» **Goal of the exercise**: The requested output is every line from the one with "Планировка — Просторы Крыма, Студия, 28 м²" through the last line below, printed exactly.

» **Dataset excerpt**:

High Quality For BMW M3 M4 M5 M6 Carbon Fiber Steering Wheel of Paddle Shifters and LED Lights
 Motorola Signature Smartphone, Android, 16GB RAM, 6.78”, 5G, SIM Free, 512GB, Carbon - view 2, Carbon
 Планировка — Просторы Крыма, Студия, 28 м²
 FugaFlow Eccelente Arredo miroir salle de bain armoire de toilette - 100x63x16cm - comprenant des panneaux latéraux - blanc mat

» **Written answer**:
 Планировка — Просторы Крыма, Студия, 28 м²
 FugaFlow Eccelente Arredo miroir salle de bain armoire de toilette - 100x63x16cm - comprenant des panneaux latéraux - blanc mat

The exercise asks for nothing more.